***** Materials provided
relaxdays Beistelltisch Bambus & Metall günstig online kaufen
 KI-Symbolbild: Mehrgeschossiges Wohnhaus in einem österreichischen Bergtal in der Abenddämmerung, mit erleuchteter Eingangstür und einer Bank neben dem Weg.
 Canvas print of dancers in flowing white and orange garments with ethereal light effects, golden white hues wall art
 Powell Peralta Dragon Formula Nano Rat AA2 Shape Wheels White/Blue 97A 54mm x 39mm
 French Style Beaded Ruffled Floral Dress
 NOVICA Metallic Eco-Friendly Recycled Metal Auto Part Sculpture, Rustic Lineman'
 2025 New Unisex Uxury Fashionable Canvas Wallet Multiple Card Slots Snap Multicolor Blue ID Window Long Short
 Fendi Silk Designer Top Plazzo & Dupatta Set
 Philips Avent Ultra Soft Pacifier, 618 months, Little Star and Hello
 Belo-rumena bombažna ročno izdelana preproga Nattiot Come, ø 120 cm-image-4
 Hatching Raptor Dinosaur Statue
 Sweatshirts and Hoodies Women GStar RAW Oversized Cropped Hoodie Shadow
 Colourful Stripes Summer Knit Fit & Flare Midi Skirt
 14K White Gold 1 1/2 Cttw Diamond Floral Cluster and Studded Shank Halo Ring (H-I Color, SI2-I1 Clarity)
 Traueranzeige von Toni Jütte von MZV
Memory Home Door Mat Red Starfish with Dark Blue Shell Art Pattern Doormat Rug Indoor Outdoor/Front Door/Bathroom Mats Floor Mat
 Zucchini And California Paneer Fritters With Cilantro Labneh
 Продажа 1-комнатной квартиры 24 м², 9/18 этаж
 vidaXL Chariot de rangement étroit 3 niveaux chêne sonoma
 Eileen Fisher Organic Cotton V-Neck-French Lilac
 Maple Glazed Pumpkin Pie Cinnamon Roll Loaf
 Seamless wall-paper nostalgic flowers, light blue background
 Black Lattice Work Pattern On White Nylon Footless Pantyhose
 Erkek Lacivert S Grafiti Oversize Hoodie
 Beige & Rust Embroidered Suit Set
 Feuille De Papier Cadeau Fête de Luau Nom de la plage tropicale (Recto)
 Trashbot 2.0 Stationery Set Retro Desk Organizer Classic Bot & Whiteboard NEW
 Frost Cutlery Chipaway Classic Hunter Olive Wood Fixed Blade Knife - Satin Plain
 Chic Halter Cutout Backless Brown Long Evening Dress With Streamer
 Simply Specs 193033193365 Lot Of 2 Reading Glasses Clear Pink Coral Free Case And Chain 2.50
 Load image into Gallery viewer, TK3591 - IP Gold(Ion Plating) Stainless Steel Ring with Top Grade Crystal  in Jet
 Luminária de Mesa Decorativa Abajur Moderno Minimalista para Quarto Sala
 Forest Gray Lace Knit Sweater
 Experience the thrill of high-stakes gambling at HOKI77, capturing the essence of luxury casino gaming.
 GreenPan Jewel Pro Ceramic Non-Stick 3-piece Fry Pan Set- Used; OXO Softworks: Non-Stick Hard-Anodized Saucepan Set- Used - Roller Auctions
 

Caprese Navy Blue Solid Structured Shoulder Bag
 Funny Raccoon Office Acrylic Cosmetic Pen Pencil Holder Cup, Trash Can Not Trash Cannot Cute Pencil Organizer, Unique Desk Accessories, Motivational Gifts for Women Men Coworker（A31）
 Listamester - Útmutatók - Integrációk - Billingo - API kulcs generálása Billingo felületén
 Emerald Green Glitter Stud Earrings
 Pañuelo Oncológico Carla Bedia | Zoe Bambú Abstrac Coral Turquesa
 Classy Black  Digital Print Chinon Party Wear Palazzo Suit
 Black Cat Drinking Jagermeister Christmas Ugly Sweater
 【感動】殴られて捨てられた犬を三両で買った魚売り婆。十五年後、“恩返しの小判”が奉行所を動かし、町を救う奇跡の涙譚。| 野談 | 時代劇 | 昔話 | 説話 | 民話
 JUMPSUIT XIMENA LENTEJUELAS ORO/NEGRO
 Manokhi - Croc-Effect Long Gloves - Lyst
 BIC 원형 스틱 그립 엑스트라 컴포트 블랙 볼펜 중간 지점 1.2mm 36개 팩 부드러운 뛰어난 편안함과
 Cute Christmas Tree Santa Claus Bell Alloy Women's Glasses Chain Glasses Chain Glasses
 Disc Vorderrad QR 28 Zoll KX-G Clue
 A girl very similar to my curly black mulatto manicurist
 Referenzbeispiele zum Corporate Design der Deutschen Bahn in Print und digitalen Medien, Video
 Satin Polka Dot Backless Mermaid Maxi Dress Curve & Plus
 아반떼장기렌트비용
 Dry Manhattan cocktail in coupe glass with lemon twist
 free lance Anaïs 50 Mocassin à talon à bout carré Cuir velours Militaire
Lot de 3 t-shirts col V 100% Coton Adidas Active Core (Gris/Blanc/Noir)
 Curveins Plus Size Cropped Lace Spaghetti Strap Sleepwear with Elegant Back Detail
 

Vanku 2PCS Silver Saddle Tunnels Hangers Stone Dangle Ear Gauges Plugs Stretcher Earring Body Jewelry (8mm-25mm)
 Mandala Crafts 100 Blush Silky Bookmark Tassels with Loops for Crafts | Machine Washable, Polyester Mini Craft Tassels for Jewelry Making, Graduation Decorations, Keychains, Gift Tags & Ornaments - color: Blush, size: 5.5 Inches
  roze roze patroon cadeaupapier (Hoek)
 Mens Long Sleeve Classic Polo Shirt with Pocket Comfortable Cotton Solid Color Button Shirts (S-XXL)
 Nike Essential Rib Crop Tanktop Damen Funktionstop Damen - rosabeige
**********
▶ **Task statement**
Please reproduce the lines from the line with "vidaXL Chariot de" to the line with "Load image into", both ends included, exactly as they appear above.

▶ **Response for this exercise**
 vidaXL Chariot de rangement étroit 3 niveaux chêne sonoma
 Eileen Fisher Organic Cotton V-Neck-French Lilac
 Maple Glazed Pumpkin Pie Cinnamon Roll Loaf
 Seamless wall-paper nostalgic flowers, light blue background
 Black Lattice Work Pattern On White Nylon Footless Pantyhose
 Erkek Lacivert S Grafiti Oversize Hoodie
 Beige & Rust Embroidered Suit Set
 Feuille De Papier Cadeau Fête de Luau Nom de la plage tropicale (Recto)
 Trashbot 2.0 Stationery Set Retro Desk Organizer Classic Bot & Whiteboard NEW
 Frost Cutlery Chipaway Classic Hunter Olive Wood Fixed Blade Knife - Satin Plain
 Chic Halter Cutout Backless Brown Long Evening Dress With Streamer
 Simply Specs 193033193365 Lot Of 2 Reading Glasses Clear Pink Coral Free Case And Chain 2.50
 Load image into Gallery viewer, TK3591 - IP Gold(Ion Plating) Stainless Steel Ring with Top Grade Crystal  in Jet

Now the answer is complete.